__DATASET EXCERPTS__

•••

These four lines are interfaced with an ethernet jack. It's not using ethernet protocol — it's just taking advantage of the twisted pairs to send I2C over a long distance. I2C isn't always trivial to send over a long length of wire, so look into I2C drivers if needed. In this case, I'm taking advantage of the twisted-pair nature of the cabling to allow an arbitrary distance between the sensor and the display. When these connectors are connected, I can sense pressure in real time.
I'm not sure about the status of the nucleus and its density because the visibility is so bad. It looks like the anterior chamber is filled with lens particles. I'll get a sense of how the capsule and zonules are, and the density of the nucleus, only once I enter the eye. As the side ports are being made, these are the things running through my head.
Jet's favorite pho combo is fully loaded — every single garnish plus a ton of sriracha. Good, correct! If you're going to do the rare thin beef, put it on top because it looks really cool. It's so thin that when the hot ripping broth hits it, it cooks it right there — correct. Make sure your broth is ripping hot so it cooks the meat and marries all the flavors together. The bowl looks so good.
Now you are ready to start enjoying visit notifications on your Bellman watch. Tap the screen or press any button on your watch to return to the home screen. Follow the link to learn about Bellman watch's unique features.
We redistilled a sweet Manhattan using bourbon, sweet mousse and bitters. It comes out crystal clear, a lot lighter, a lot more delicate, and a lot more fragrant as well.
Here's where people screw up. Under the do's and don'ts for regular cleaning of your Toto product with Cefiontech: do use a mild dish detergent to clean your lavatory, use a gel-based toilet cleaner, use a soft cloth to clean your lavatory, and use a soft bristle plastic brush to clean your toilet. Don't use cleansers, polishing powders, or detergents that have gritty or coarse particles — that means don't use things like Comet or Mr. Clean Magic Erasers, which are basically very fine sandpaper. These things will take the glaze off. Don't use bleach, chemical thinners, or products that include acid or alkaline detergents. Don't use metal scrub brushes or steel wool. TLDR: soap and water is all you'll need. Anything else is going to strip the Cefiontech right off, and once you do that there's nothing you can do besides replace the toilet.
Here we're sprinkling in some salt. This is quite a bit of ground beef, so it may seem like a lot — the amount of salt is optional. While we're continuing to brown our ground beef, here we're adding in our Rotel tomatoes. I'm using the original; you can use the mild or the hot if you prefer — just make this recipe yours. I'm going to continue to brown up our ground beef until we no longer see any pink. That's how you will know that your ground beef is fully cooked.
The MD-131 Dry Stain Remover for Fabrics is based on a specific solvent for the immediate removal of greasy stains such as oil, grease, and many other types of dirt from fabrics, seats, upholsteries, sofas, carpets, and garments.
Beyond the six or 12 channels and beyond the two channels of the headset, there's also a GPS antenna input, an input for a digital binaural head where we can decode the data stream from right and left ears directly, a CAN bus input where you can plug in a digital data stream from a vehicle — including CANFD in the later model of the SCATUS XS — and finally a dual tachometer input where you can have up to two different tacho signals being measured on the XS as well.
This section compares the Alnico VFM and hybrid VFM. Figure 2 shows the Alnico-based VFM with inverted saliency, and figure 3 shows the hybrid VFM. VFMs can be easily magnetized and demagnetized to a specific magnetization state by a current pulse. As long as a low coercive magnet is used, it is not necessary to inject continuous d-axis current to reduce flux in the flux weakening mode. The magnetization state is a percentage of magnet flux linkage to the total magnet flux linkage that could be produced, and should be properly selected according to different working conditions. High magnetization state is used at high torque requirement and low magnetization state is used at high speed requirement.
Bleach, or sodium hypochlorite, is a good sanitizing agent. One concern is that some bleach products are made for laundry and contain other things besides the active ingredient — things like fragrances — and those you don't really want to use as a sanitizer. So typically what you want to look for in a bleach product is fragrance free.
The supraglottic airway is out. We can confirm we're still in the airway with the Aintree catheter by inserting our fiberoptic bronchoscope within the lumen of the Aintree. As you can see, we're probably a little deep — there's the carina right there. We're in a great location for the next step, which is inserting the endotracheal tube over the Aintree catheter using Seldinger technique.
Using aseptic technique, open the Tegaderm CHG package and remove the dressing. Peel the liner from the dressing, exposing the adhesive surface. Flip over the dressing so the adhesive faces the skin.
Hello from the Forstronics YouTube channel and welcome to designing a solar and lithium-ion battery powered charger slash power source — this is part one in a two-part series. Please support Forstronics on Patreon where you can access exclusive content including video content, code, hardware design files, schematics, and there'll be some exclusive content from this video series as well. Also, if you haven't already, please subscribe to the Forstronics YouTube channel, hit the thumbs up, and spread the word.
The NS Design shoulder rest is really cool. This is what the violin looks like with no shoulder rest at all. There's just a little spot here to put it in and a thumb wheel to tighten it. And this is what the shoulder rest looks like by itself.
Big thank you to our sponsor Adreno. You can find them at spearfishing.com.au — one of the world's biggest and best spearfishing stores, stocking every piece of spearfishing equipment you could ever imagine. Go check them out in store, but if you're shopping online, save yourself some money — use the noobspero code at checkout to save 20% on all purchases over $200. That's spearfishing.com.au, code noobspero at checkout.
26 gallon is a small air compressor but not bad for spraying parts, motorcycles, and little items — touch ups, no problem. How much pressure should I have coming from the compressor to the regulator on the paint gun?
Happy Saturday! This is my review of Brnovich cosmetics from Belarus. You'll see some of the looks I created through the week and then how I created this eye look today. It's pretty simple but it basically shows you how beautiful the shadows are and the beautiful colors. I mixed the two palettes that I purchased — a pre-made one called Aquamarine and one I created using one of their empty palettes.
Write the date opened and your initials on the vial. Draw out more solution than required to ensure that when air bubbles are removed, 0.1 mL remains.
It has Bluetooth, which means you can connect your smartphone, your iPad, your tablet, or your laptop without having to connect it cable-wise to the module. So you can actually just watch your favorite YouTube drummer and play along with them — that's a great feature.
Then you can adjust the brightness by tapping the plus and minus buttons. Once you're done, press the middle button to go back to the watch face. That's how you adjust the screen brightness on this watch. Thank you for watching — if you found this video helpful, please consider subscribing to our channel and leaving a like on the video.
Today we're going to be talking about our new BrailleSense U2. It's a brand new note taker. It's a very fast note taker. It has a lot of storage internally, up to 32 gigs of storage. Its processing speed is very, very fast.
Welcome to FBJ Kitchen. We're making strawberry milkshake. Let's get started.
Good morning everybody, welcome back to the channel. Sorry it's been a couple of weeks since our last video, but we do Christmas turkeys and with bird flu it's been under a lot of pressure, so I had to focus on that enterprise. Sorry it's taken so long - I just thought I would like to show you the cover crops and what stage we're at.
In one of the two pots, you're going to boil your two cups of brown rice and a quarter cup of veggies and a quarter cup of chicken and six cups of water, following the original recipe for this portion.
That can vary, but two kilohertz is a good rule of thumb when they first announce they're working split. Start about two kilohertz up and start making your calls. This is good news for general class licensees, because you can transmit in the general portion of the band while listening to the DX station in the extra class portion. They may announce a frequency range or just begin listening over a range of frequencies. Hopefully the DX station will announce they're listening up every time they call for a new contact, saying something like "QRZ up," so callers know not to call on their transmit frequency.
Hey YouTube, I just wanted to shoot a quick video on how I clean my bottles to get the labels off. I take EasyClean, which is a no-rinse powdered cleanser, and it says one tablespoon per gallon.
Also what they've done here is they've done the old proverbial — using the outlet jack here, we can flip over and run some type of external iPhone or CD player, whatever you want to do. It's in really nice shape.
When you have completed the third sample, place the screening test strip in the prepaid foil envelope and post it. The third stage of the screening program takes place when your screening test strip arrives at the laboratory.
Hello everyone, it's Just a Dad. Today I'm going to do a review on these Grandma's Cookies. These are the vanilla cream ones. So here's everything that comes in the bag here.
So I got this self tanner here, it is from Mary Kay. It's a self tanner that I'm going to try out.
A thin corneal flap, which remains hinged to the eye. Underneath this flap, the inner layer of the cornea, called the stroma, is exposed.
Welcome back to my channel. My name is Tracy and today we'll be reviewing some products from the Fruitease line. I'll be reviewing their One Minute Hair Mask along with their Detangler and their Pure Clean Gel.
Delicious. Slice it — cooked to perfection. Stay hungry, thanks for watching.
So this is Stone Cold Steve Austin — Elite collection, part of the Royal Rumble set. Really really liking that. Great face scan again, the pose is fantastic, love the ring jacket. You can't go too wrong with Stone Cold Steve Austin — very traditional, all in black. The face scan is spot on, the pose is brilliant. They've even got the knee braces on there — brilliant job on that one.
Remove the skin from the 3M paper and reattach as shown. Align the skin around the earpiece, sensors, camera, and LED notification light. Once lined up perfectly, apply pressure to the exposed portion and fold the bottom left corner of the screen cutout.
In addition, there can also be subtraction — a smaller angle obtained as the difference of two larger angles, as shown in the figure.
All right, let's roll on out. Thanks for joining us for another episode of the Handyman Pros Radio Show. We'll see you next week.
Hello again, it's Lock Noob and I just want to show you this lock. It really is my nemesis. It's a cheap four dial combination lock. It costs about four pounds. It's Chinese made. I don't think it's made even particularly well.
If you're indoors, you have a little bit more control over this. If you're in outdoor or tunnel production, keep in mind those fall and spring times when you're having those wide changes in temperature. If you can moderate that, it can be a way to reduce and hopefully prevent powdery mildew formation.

•••

__WORK INSTRUCTIONS__
Copy out every line of the listing where the word "because" occurs.

__ANSWER FOR THE TASK__
I'm not sure about the status of the nucleus and its density because the visibility is so bad. It looks like the anterior chamber is filled with lens particles. I'll get a sense of how the capsule and zonules are, and the density of the nucleus, only once I enter the eye. As the side ports are being made, these are the things running through my head.
Jet's favorite pho combo is fully loaded — every single garnish plus a ton of sriracha. Good, correct! If you're going to do the rare thin beef, put it on top because it looks really cool. It's so thin that when the hot ripping broth hits it, it cooks it right there — correct. Make sure your broth is ripping hot so it cooks the meat and marries all the flavors together. The bowl looks so good.
That can vary, but two kilohertz is a good rule of thumb when they first announce they're working split. Start about two kilohertz up and start making your calls. This is good news for general class licensees, because you can transmit in the general portion of the band while listening to the DX station in the extra class portion. They may announce a frequency range or just begin listening over a range of frequencies. Hopefully the DX station will announce they're listening up every time they call for a new contact, saying something like "QRZ up," so callers know not to call on their transmit frequency.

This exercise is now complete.